::: Given data :::

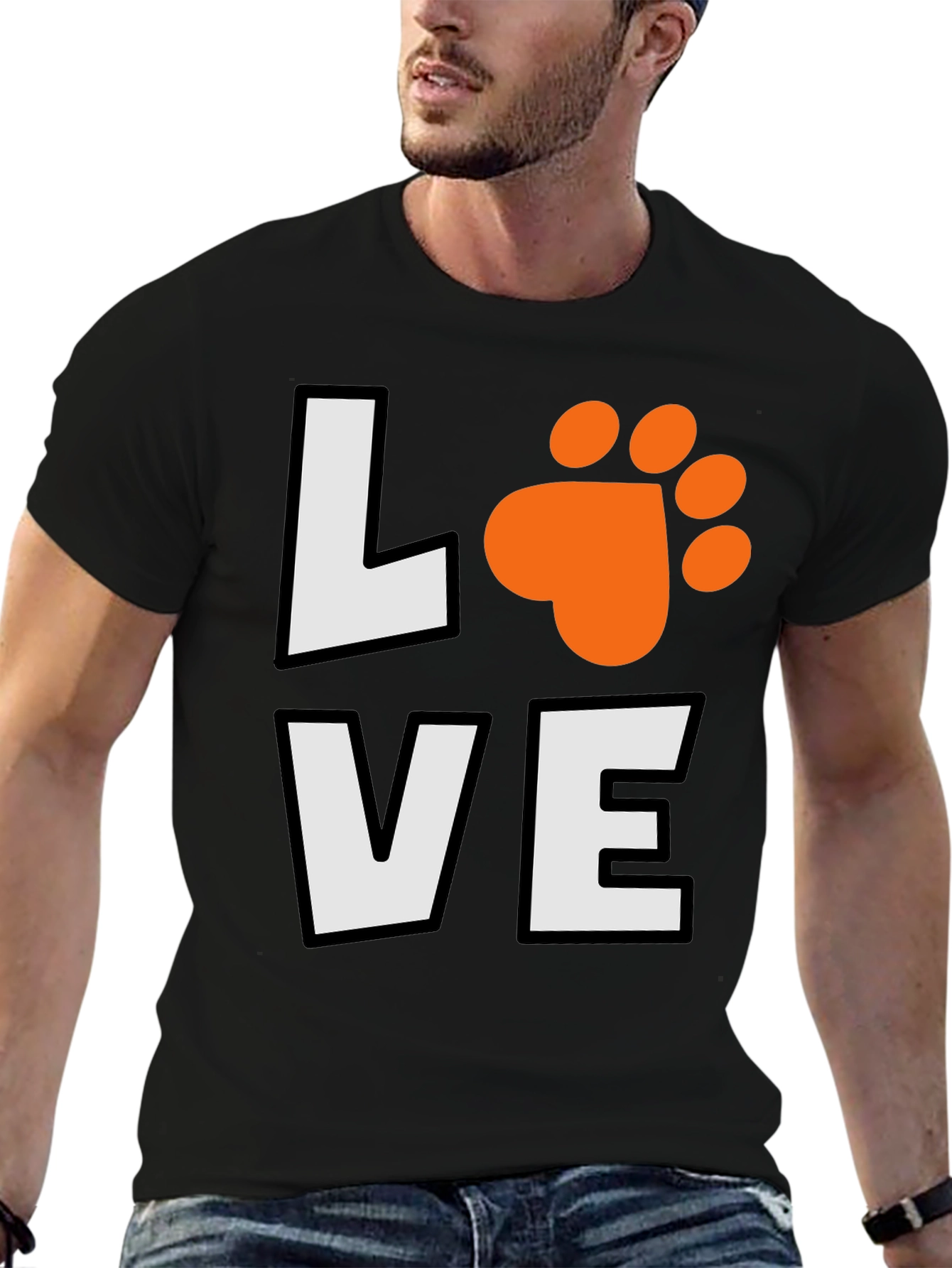 Love Paw Print Black Graphic Tee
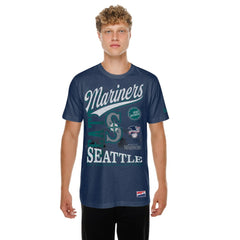 Seattle Mariners New Era  Oversized Throwback Distressed T-Shirt - Navy - New Era Discount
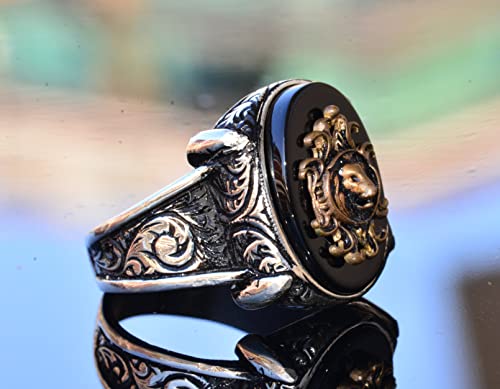 Handcrafted 925 Sterling Silver Men's Ring with Lion Head Symbol and Created Onyx Stone, Unique Bold Design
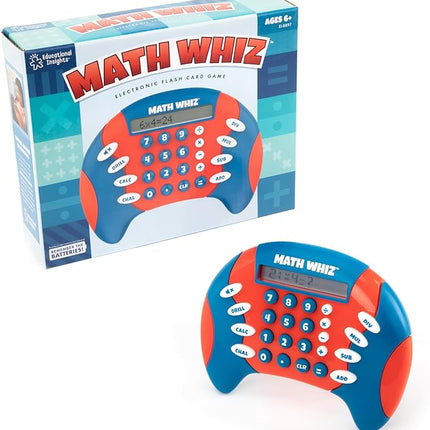 Educational Insights Math Whiz - Electronic Math Games, Addition, Subtraction, Division, and Multiplication Game, Handheld Games for Kids, Interactive STEM Learning Tools for Ages 6+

:::

# What this task involves:
Print the material in full and exactly, minus the pictures.

# Answer:
 Love Paw Print Black Graphic Tee
 Seattle Mariners New Era  Oversized Throwback Distressed T-Shirt - Navy - New Era Discount
 Handcrafted 925 Sterling Silver Men's Ring with Lion Head Symbol and Created Onyx Stone, Unique Bold Design
 Educational Insights Math Whiz - Electronic Math Games, Addition, Subtraction, Division, and Multiplication Game, Handheld Games for Kids, Interactive STEM Learning Tools for Ages 6+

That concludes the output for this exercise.